--- The input ---

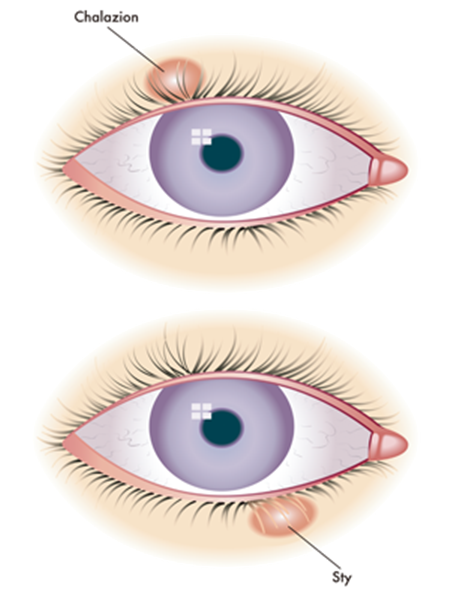 眼表眼角膜,希瑪瑞視眼科,上海眼科醫院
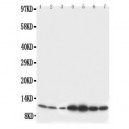 S100 beta Antibody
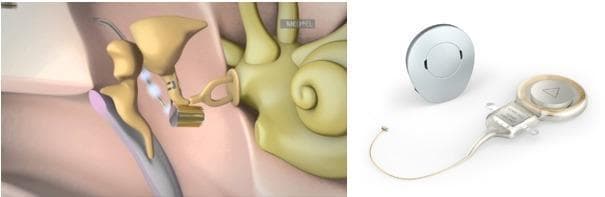 This medical illustration depicts the components and anatomical placement of the Vibrant Soundbridge (VSB), a partially implantable active middle ear implant system. The image is divided into two panels. The left panel shows a cross-sectional anatomical diagram of the middle and inner ear. It illustrates the internal Vibrant Ossicular Prosthesis (VORP) with its Floating Mass Transducer (FMT) attached to the long process of the incus. The FMT is positioned to deliver mechanical vibrations to the ossicular chain (malleus, incus, and stapes), which then transmits sound to the cochlea. The right panel displays the hardware components: the external, circular audio processor—which contains the microphone and battery—and the internal receiver unit featuring a metallic coil and a connector lead. This system is designed for patients with conductive, sensorineural, or mixed hearing loss by bypassing damaged outer or middle ear structures through direct electromechanical stimulation of the ossicles.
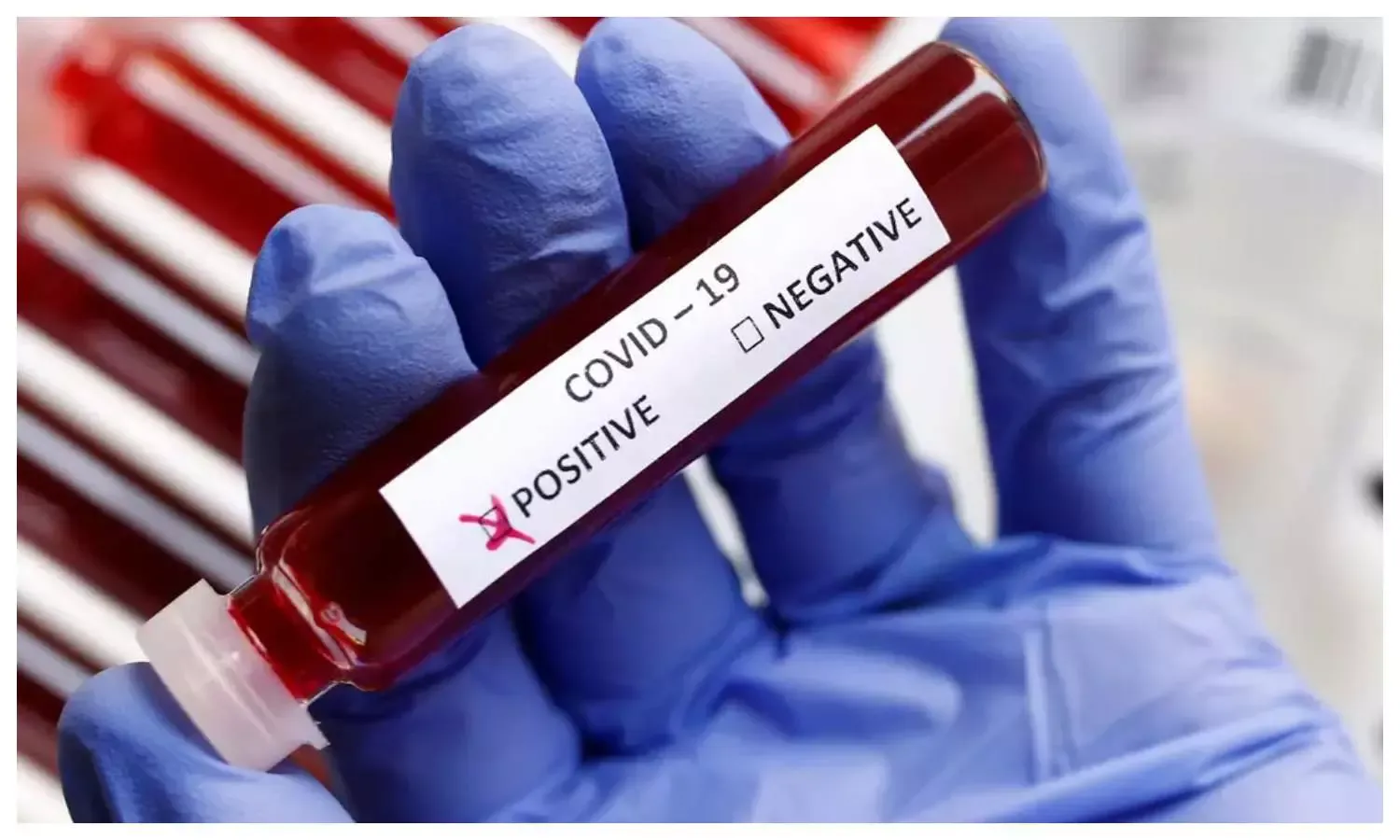 बरेली: कोविड सैंपल डंप करने के मामले में सीएमओ ने बैठाई जांच, पहले भी मामले उजागर हुए लेकिन कार्रवाई के नाम पर सिर्फ हुई खानापूरी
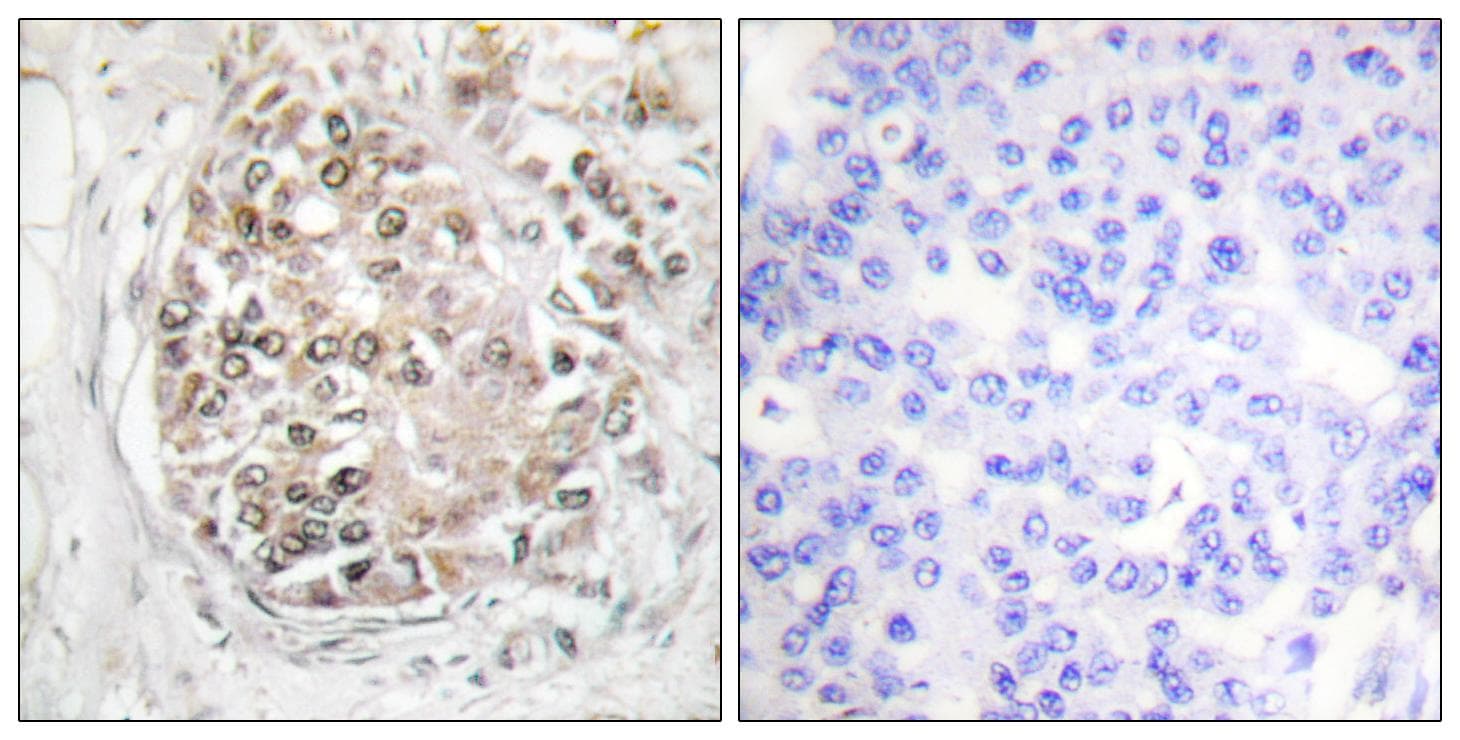 PRKDC / DNA-PKcs Antibody (phospho-Ser2056)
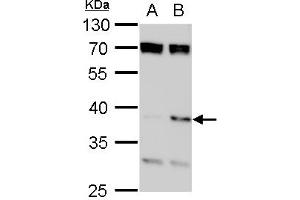 WB Image SET antibody, isoform 2-specifc detects SET protein by western blot analysis. (SET/TAF-I Antikörper  (N-Term))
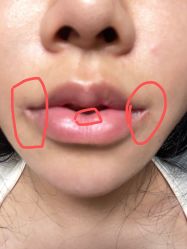 体验后-杭州米兰柏羽医疗美容医院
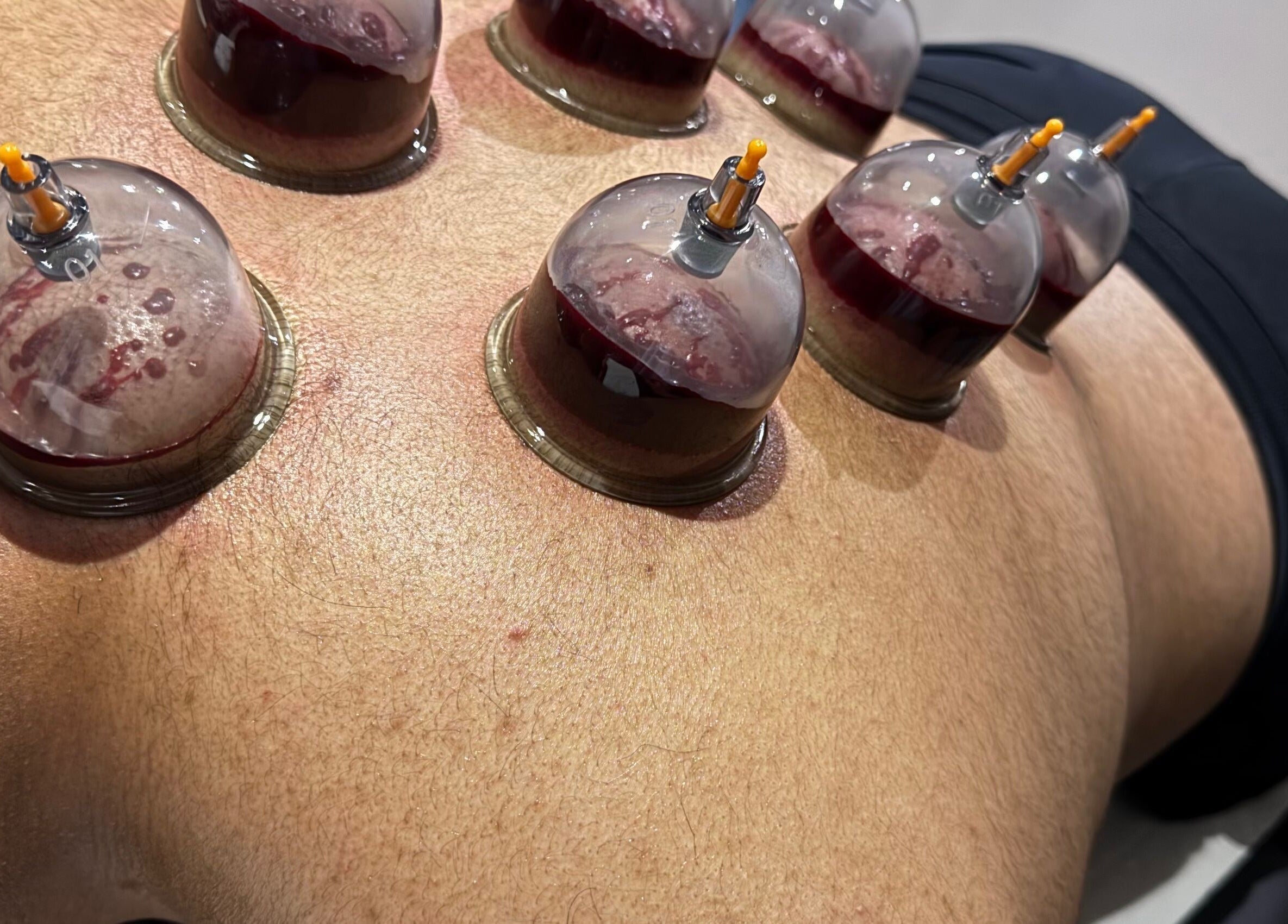 Cupping therapy on a back at Cupping By Hamza, Adlington, England, GB, showing glass cups in action.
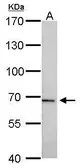 Anti-tPA antibody used in Western Blot (WB). GTX103453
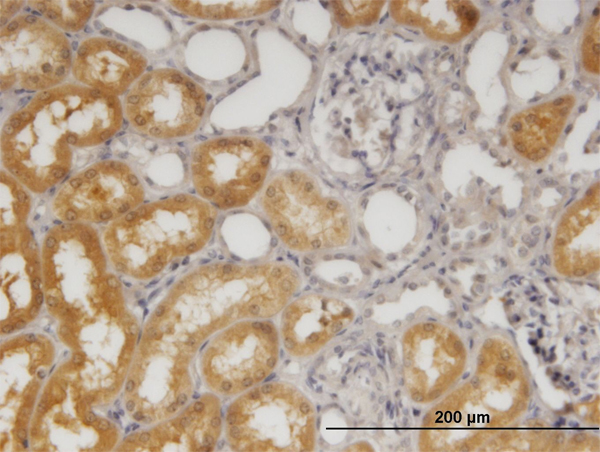 Immunoperoxidase of monoclonal antibody to SORD on formalin-fixed paraffin-embedded human kidney. [antibody concentration 1.2 ug/ml]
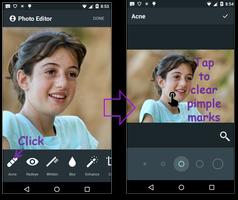 برنامه‌نما Face Acne Remover Photo Editor عکس از صفحه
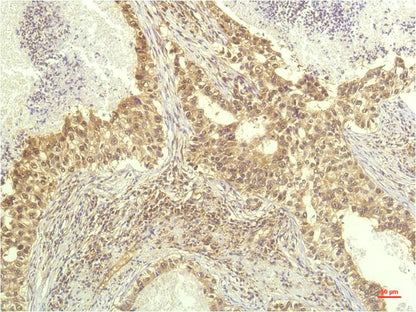 Immunohistochemical analysis of paraffin-embedded Human Lung Carcinoma Tissue using P70 S6 Kinase (EM1253) Mouse mAb diluted at 1:200.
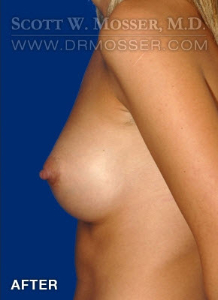 Breast Augmentation Patient 51986 After Photo # 6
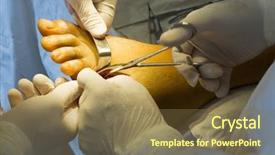  Presentation with surgery - Presentation design having medical feet - foot surgery background and a tawny brown colored foreground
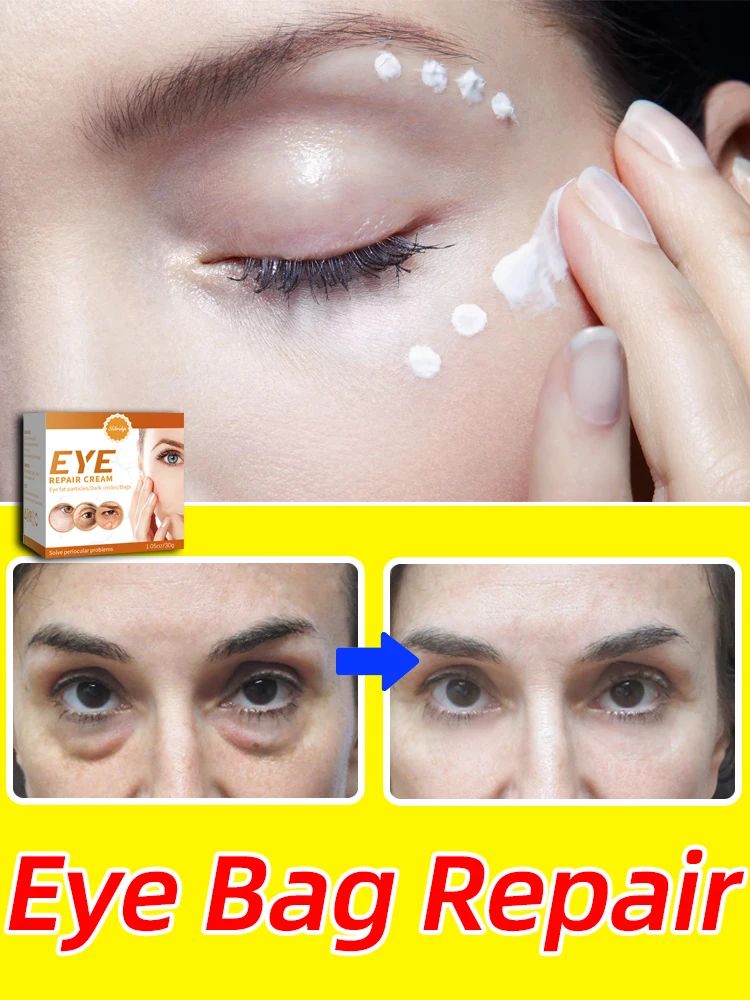 

Eye Cream Solve Various Eye Problems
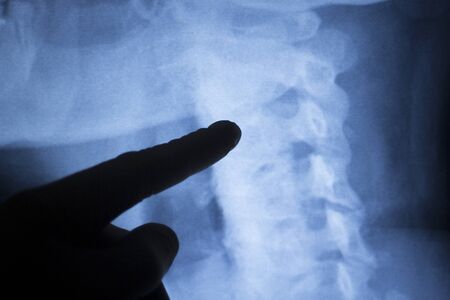 Spinal column, vertebra, neck and back medical x-ray test scan result for adult showing orthopedic...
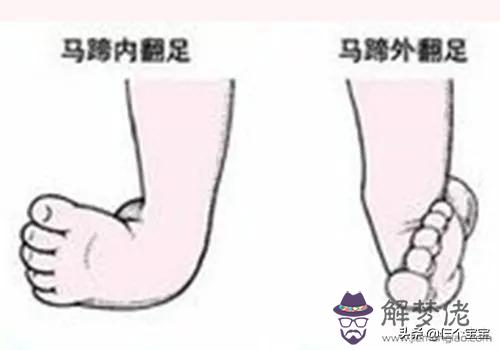 女生走路外八字腳原因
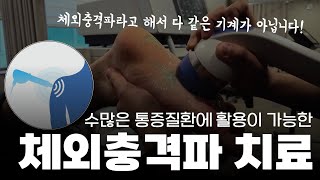 그냥 하라고 해서 하셨다고요 제대로 알고 치료받자 만능통증 치료기기 체외충격파 [upl. by Kassi226]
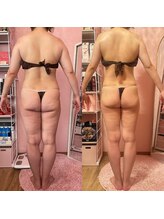 ポノ(Pono)/【痩身】背中美人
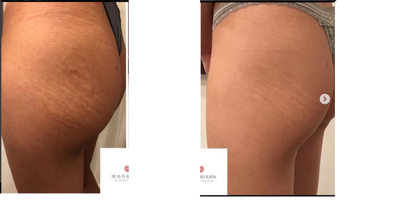 25-34 year old woman treated with Carboxytherapy - Carboxytherapy is a non-surgical cosmetic medicine treatment. Carboxytherapy injections infuse gas carbon dioxide below the skin through a needle. It stimulates blood flow, improves the skin's elasticity and reduce the appearance of cellulite and stretch marks although it has not been clinically tested you can see it for yourself - here I present my patient Before and after 10 treatments for stretch marks.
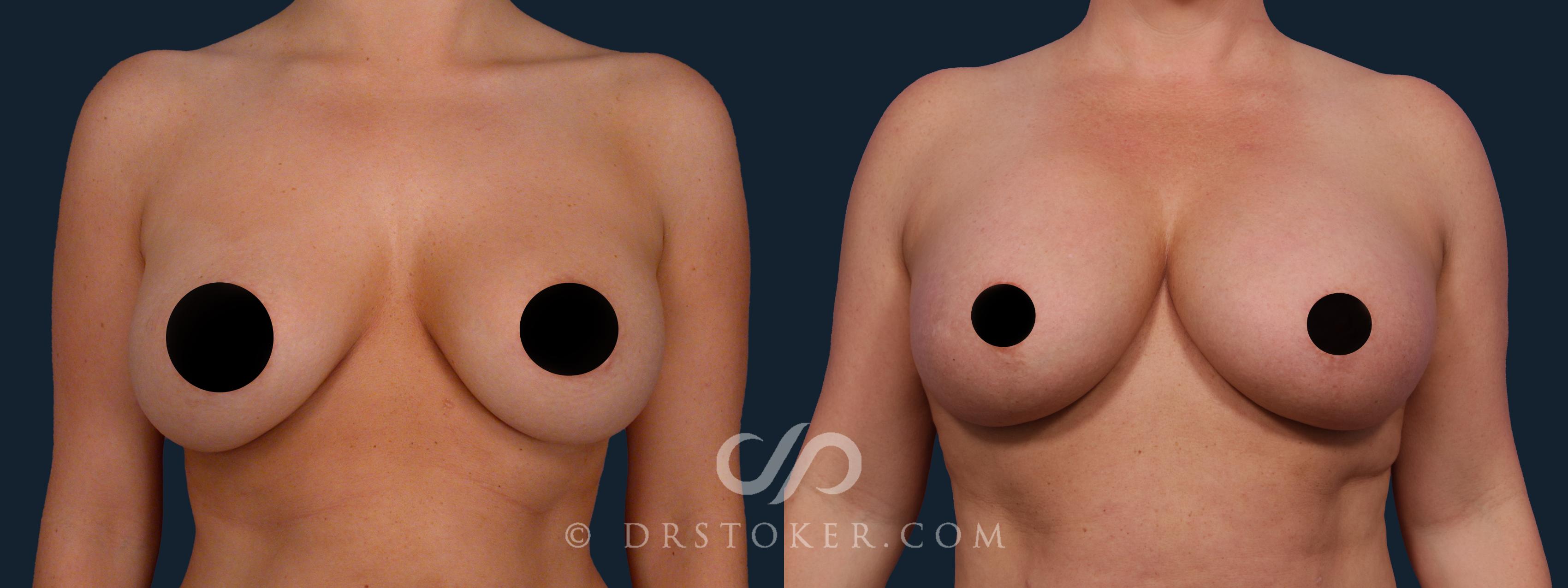 Before & After Breast Augmentation with Lift Case 2391 Front View in Los Angeles, CA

---

This task calls for the lines from the line holding "Cupping therapy on" through the last line above, restated word for word with both ends included and the pictures dropped.

 Cupping therapy on a back at Cupping By Hamza, Adlington, England, GB, showing glass cups in action.
 Anti-tPA antibody used in Western Blot (WB). GTX103453
 Immunoperoxidase of monoclonal antibody to SORD on formalin-fixed paraffin-embedded human kidney. [antibody concentration 1.2 ug/ml]
 برنامه‌نما Face Acne Remover Photo Editor عکس از صفحه
 Immunohistochemical analysis of paraffin-embedded Human Lung Carcinoma Tissue using P70 S6 Kinase (EM1253) Mouse mAb diluted at 1:200.
 Breast Augmentation Patient 51986 After Photo # 6
  Presentation with surgery - Presentation design having medical feet - foot surgery background and a tawny brown colored foreground

Eye Cream Solve Various Eye Problems
 Spinal column, vertebra, neck and back medical x-ray test scan result for adult showing orthopedic...
 女生走路外八字腳原因
 그냥 하라고 해서 하셨다고요 제대로 알고 치료받자 만능통증 치료기기 체외충격파 [upl. by Kassi226]
 ポノ(Pono)/【痩身】背中美人
 25-34 year old woman treated with Carboxytherapy - Carboxytherapy is a non-surgical cosmetic medicine treatment. Carboxytherapy injections infuse gas carbon dioxide below the skin through a needle. It stimulates blood flow, improves the skin's elasticity and reduce the appearance of cellulite and stretch marks although it has not been clinically tested you can see it for yourself - here I present my patient Before and after 10 treatments for stretch marks.
 Before & After Breast Augmentation with Lift Case 2391 Front View in Los Angeles, CA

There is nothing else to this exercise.